La mujer, en silencio, miraba distraídamente al vacío.
—Eso que ha dicho me ha recordado algo —dijo el sacerdote—. Unas palabras bíblicas; palabras de Dios. Dicen algo así como: “No permanecerá por siempre mi espíritu en el hombre, porque no es más que carne. Ciento veinte años serán sus días”.

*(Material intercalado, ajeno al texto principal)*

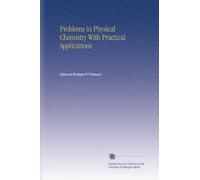 Problems in Physical Chemistry With Practical Applications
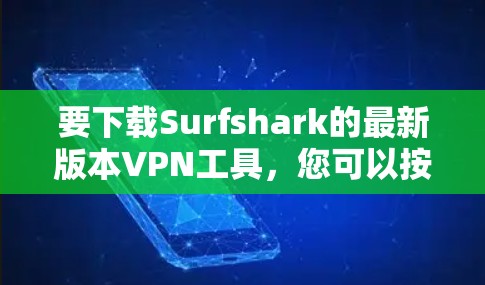 要下载Surfshark的最新版本VPN工具，您可以按照以下步骤操作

—Es cierto, sí. Pero sigamos. En 1935, tras un largo periodo de contrición y autorepresión, mi ansia de violencia, tanto tiempo contenida, estalló como una bomba de relojería. Cuando Cannat salía solo, me moría de ganas de acompañarle y presenciar los horrores que, erróneamente, suponía que llevaba a cabo noche tras noche. Y, tanta era mi insistencia y el melancólico estado de abatimiento en que me sumía ante sus negativas, que, en alguna ocasión consintió en ello. Pero, entonces, se limitaba a llevarme a cenar y a algún espectáculo que no me ofrecía la menor diversión, y regresaba a casa enojada con él y decepcionada porque mis agresivas expectativas se habían visto completamente frustradas. Pero Cannat no estaba, en modo alguno, dispuesto a fomentar mi impulsiva e irracional violencia. Yo sabía por qué. Me daba cuenta de que Shallem respiraba aliviado cuando sondeaba mi alma al regreso de aquellas salidas. Y, entonces, yo me avergonzaba de mis pensamientos, de lo que había deseado ver hacer a Cannat, y lloraba y luchaba por arrepentirme y volver a ser lo que Shallem había amado.

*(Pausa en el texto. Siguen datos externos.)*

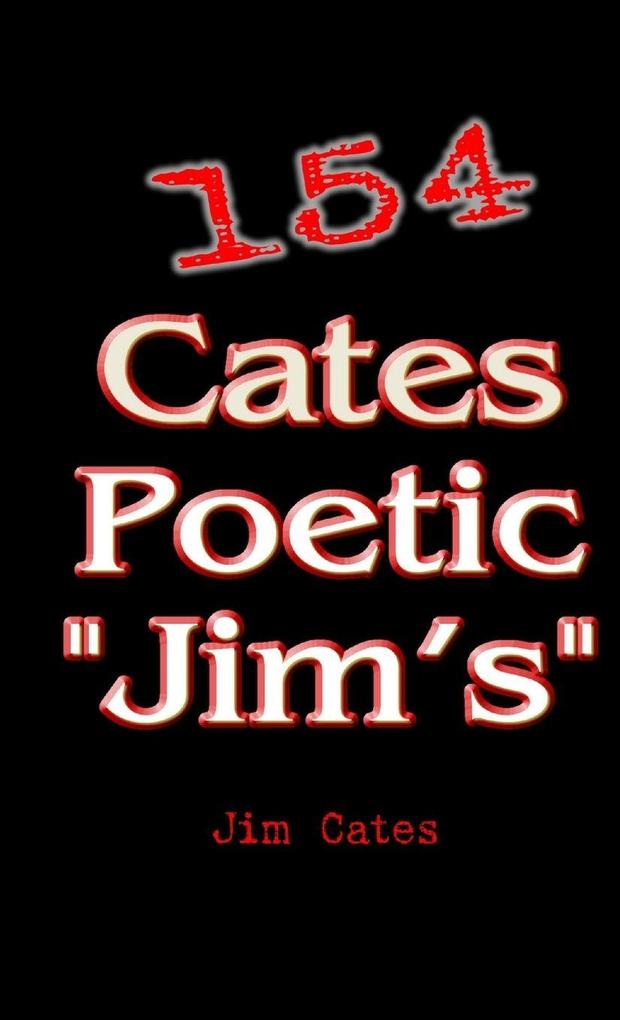 154 Cates Poetic 'Jim's'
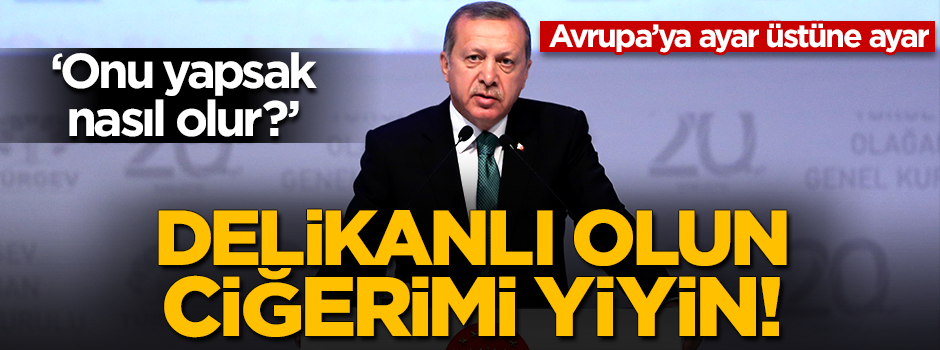Erdoğan'dan Almanya'ya çok sert tepki!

»Pero, los acontecimientos se precipitaron solos. Yo había adquirido una pistola automática para mi presunta defensa, que solía llevar en el bolso cuando, por casualidad, salía sola, y que trataba como una joya. Pues bien, era un anochecer de Enero; había salido a comprar cualquier alimento cuando escuché los gritos de una mujer provenientes de un callejón de Manhattan. Tuve miedo, pero también sentí una embargadora emoción. Con mucho cuidado de que no me viera quien quiera que fuese, asomé mi cabeza al fondo del callejón con la pistola en la mano.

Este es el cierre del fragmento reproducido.